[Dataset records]

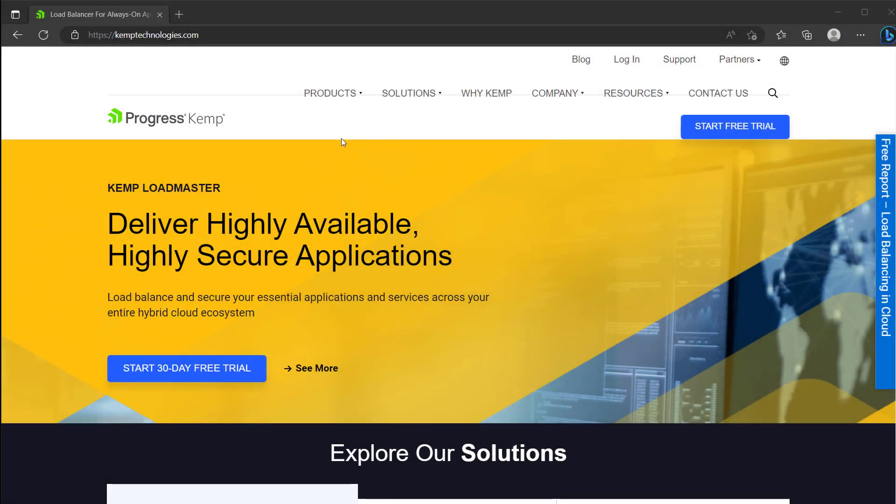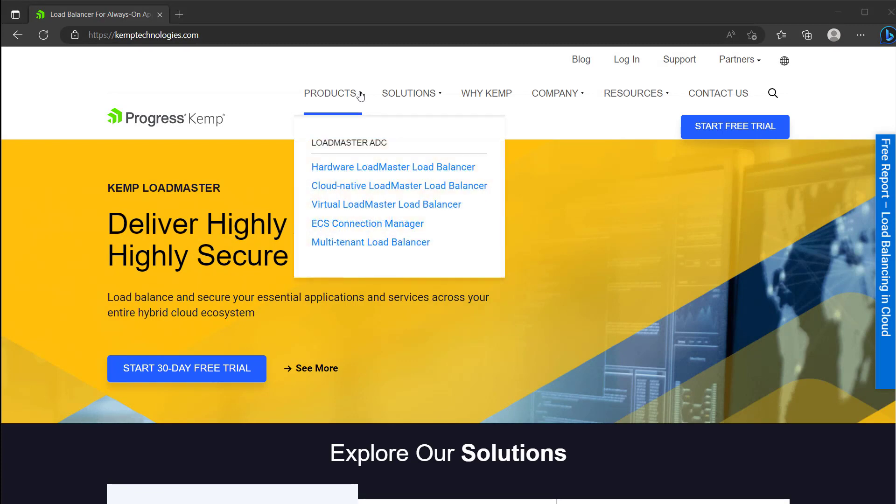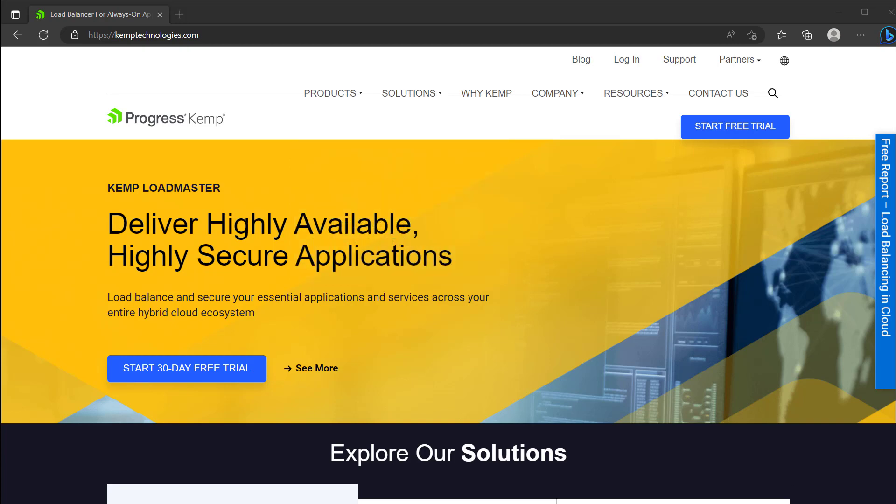As I've stated in an earlier video, I prefer Kemp Load Balancers for this sort of work, and they both offer physical hardware and virtual appliances you can run in Hyper-V, Azure, and AWS.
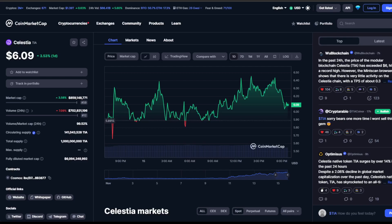Wow, Celestia keeps on giving. I mean, we are up 3.5% today and trading at $6.09. This is an emergency update. There's been some really explosive breakouts.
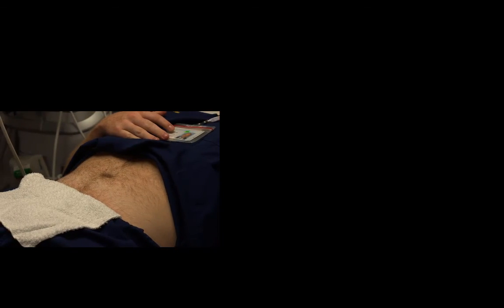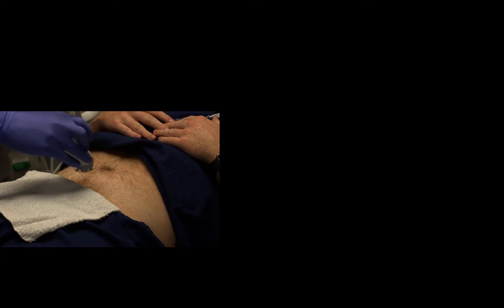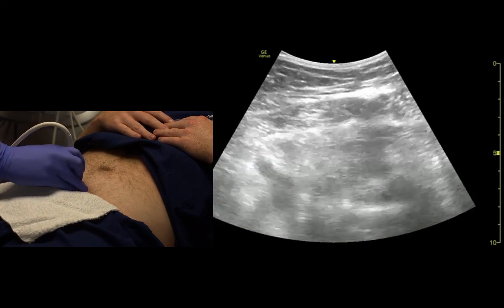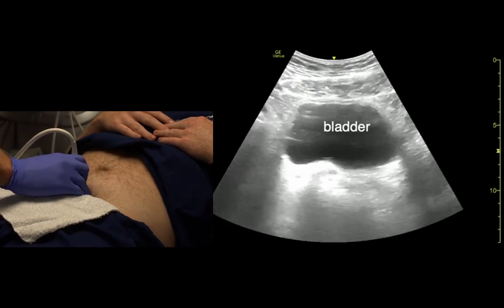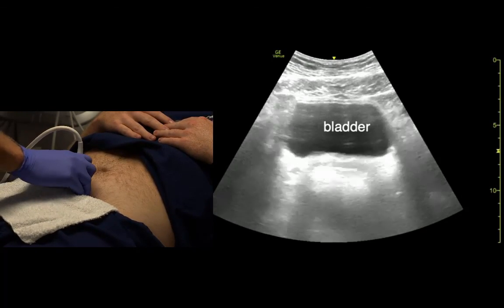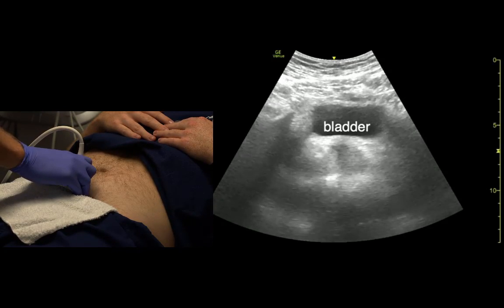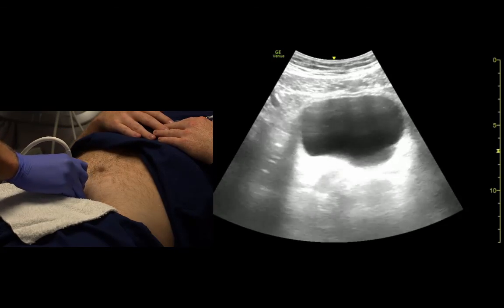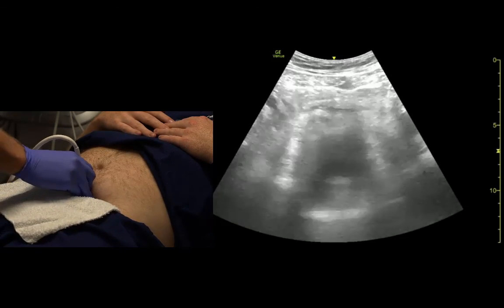Just noting the difference of the bladder in the male versus the female. Again, we're looking for the bladder just above the pubic symphysis. Take note that the bladder is not a circle, and in the male we can see there's prostate sitting back there. As we fan up, we shouldn't see really much else.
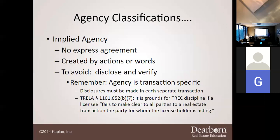To avoid implied agency problems, you need proper disclosures. If you don't want an agent acting on additional properties, expressly state in the contract that those properties are not included. Remember: agency is a transaction-specific contract. Multiple properties require multiple agreements. Disclosures must be made in each separate transaction.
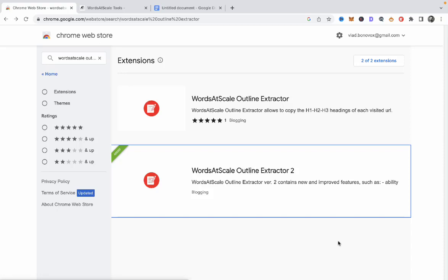Hey guys, welcome to Words at Scale. This is going to be a very quick announcement video — I have published the Words at Scale Outline Extractor version 2.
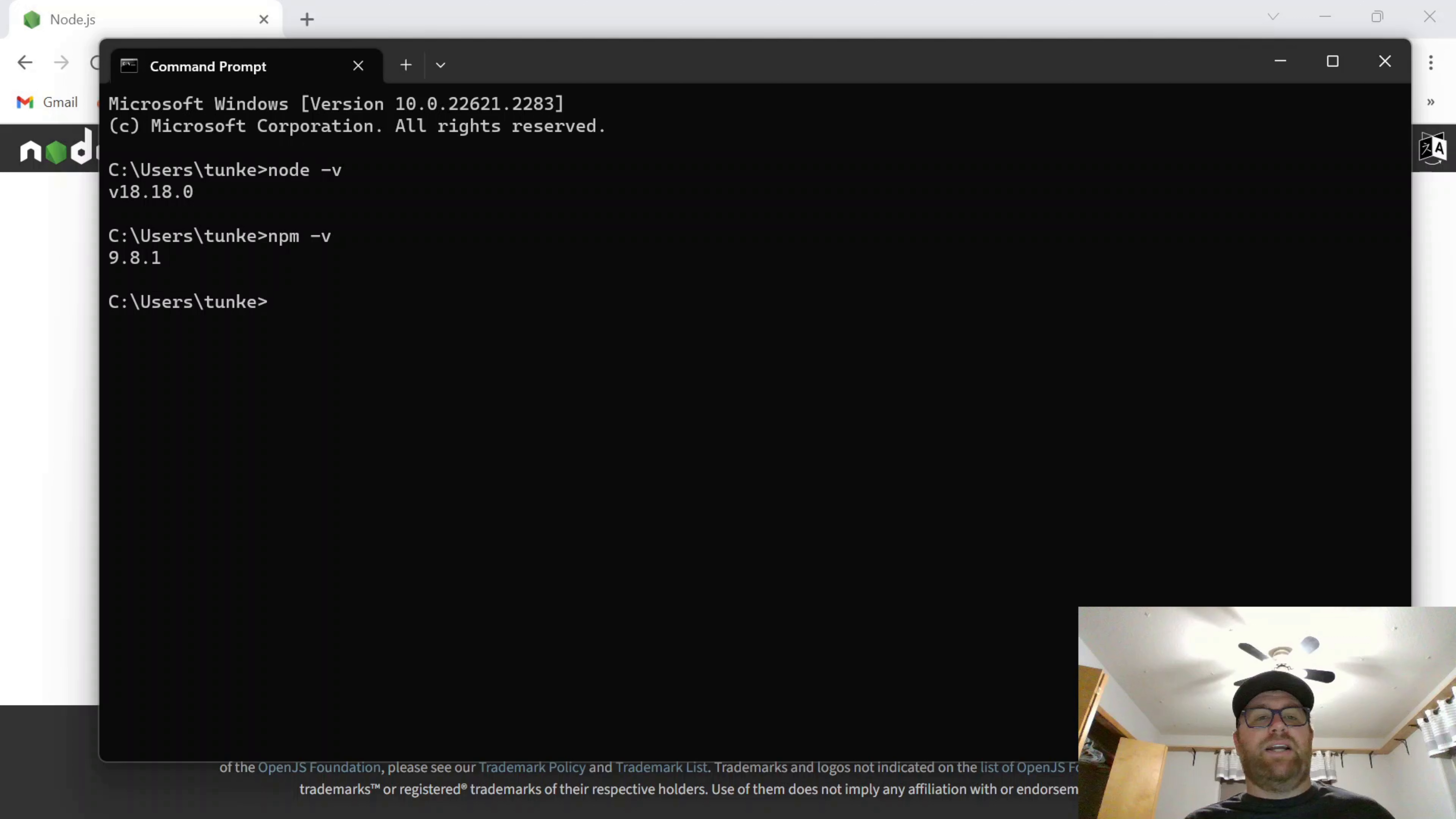So that's all there is to it. Node.js and NPM are installed on your Windows computer. Hopefully you enjoyed this video. If you did, please give it a like and subscribe to the channel. Thanks for watching.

WORK ITEM :: The required answer is every line from the one containing "Just noting the" through the last line of the entries, restated word for word and with no pictures.

EXPECTED ANSWER ::
Just noting the difference of the bladder in the male versus the female. Again, we're looking for the bladder just above the pubic symphysis. Take note that the bladder is not a circle, and in the male we can see there's prostate sitting back there. As we fan up, we shouldn't see really much else.
To avoid implied agency problems, you need proper disclosures. If you don't want an agent acting on additional properties, expressly state in the contract that those properties are not included. Remember: agency is a transaction-specific contract. Multiple properties require multiple agreements. Disclosures must be made in each separate transaction.
Hey guys, welcome to Words at Scale. This is going to be a very quick announcement video — I have published the Words at Scale Outline Extractor version 2.
So that's all there is to it. Node.js and NPM are installed on your Windows computer. Hopefully you enjoyed this video. If you did, please give it a like and subscribe to the channel. Thanks for watching.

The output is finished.